E tra quest’ultimi alla fine è stato scelto il candidato per le presidenziali del 2018. A dicembre nei sondaggi il candidato nominato dal comitato centrale del partito era ancora Gennady Zjuganov. I sondaggi lo davano al 5-6%, superato anche da Vladimir Zhirinovskij. Così proprio alla vigilia di Natale, le strutture del partito si riunivano nel disperato tentativo di mettere una pezza al disastro annunciato. E dal cilindro usciva il coniglio della candidatura di Pavel Grudinin.
Pavel Grudinin è un imprenditore del settore agroalimentare che ha avuto successo costruendo un’azienda modello vicino a Mosca grazie anche alla speculazione. Esordì in politica nei primi anni 2000 con Russia Unita e per qualche tempo fu poi vicino allo xenofobo Zhirininovskij per poi approdare all’area del Pcfr. E infatti si è presentato alle presidenziali dello scorso marzo in qualità di indipendente. Ha puntato sull’elettorato deluso da Putin perla crescente corruzione del suo apparato e sui settori sociali più puniti dalla crisi economica degli ultimi anni (intercettandoli soprattutto in Siberia). È cresciuto costantemente nei sondaggi negli ultimi due mesi prima delle elezioni, creando qualche grattacapo allo staff di Putin raccogliendo simpatia e interesse persino nell’area “liberal” (quella più moderata e nazionalista) dell’elettorato. Non ha potuto invertire la storica tendenza al declino del Pcfr ma raccolto settori dell’elettorato lontani culturalmente dalla sua tradizione. In questo senso il fatto di essere emanazione del Pcfr lo ha persino frenato. Nelle interviste si è richiamato sia alla socialdemocrazia del Nord Europa ma anche al modello cinese, ma è apparso imbarazzato e non a suo agio nella rivendicazione dello stalinismo.

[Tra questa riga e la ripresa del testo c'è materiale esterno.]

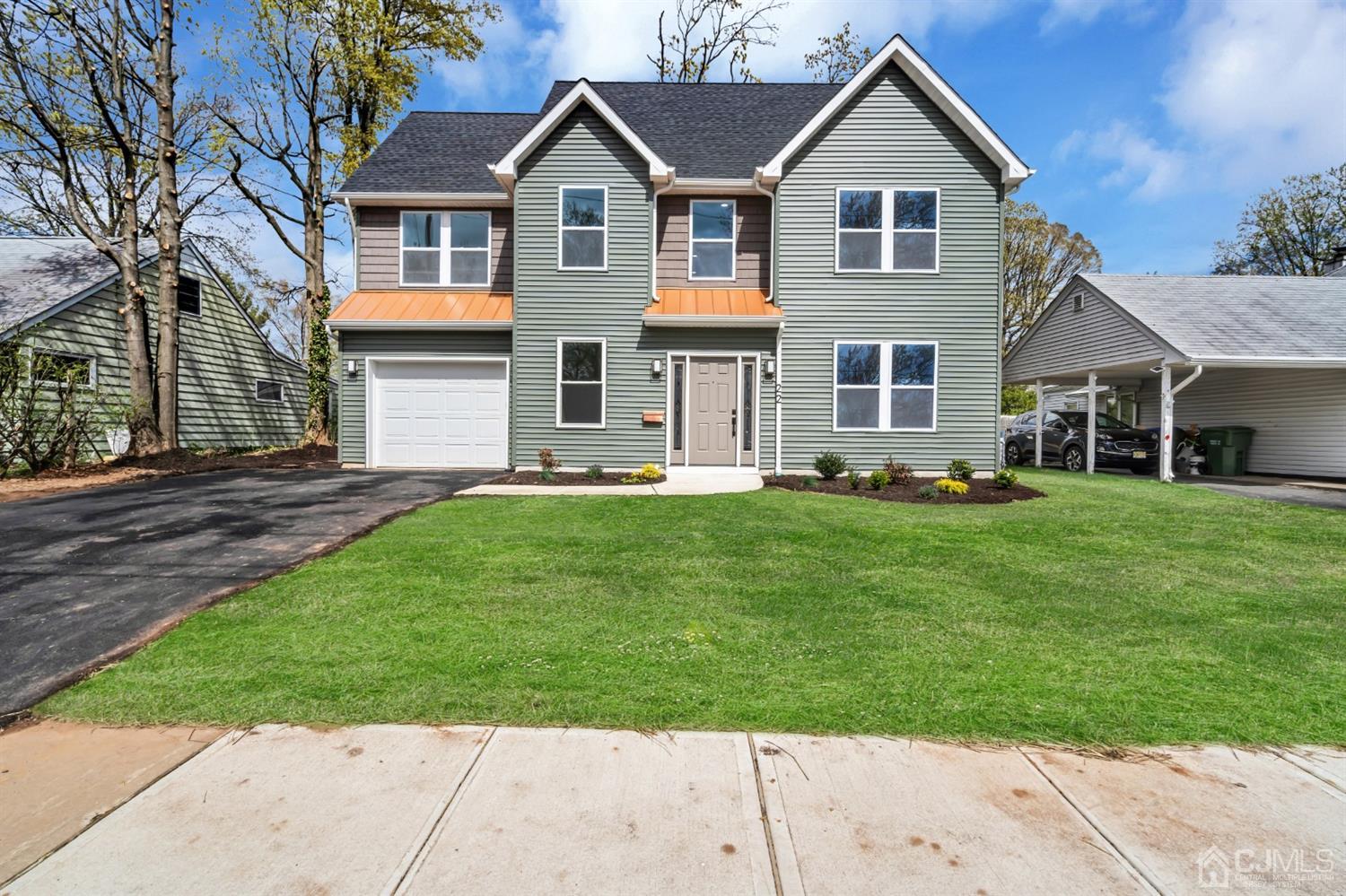 22 Stiles Road Edison, NJ 08817 - Photo 3 of 48 a front view of a house with a yard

Forse non sarà in grado di salvare il Pcfr dal suo destino storico ma potrebbe costruire nel prossimo futuro una coalizione politica e sociale intorno a sé che vada oltre il nostalgismo. Non sarebbe certo la sinistra di cui necessita questo Paese ma, forse, un (piccolissimo) passo avanti in quella direzione.